When I was in sixth grade or so, my grandfather bought me a tent for my birthday. We went and
camped outside my house, in the backyard, with my little brother.
We talked of stars and constellations and beauty and joy. My dad never camped outside with me. I don't think he understood why I'd want to. Even worse, I think he once used to know why, a long time ago, and lost it to the soul-wrecking power of work and time and adulthood and hey, the
real-world, where you gotta watch your own back, screw everyone else!
My greatest fear is following in his footsteps.
Now, Dad has grown sullen and withdrawn; the victim of bad luck and a terribly ugly, five-year-long saga of a betrayed business partnership. I wonder if he has
PTSD. I don't want him to. He doesn't talk much anymore.
Drinks far too much. Sometimes I can see that glimmer of joy that I knew he used to have....but that's just it. Glimmers.

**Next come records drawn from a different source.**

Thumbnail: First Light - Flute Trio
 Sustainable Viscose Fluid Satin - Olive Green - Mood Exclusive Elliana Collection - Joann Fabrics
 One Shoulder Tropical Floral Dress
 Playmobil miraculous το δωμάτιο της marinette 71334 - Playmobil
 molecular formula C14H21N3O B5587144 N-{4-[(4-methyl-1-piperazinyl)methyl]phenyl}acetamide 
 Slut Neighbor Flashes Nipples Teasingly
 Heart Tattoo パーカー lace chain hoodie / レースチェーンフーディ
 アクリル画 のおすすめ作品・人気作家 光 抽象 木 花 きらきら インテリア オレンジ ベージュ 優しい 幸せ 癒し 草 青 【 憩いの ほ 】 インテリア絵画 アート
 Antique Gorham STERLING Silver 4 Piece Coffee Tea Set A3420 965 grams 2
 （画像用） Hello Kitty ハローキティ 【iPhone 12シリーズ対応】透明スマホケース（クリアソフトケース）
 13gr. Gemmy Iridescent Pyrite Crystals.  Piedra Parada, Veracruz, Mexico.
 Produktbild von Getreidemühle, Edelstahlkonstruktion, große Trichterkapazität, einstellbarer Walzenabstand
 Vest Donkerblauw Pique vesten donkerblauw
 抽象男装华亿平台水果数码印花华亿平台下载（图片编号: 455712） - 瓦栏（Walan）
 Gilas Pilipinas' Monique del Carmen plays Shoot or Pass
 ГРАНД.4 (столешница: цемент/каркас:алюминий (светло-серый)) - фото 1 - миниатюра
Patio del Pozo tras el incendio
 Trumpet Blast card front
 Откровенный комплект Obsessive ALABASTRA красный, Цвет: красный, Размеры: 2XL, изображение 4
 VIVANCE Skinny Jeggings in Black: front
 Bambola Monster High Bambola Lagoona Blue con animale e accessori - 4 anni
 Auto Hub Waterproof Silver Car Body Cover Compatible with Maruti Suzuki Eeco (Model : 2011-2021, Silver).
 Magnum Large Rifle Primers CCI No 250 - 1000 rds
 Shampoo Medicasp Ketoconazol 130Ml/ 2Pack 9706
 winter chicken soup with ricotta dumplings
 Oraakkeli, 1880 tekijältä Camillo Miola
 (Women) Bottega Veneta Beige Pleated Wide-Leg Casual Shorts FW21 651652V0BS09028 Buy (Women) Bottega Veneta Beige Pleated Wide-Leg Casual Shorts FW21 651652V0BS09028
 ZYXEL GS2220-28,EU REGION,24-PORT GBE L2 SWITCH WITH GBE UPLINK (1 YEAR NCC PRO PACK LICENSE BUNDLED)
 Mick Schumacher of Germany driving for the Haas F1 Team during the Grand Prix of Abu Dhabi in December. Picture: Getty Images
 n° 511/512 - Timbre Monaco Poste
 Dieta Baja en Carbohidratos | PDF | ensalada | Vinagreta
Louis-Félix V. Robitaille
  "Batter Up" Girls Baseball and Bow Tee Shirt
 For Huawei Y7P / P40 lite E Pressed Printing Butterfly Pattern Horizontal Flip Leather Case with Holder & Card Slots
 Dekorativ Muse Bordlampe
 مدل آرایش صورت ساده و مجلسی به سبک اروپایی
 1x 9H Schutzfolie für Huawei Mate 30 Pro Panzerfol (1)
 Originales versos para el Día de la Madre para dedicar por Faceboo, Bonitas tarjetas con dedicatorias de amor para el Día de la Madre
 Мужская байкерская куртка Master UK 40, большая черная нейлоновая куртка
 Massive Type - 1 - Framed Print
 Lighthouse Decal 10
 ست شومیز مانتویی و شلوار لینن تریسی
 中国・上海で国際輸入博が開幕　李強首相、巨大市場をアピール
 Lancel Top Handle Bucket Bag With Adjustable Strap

My grandfather has slowed down in his old age. He repeats things; forgets, tells the same stories over and over again. I have a dark, dark suspicion that he has
Alzheimer's. I don't want to think about that possibility. I don't call him enough, don't return his calls all the time. Too ack school busy busy busy gotta throw trivial things like
relationships and
family out the window for IMPORTANT things like getting an A instead of an A- on that
chemistry quiz. Or getting a top score in
Radiant Silvergun. Priorities, of course.
I think the saddest day of my life was when I realized I was answering my Poppop's questions for him now, and not the other way around.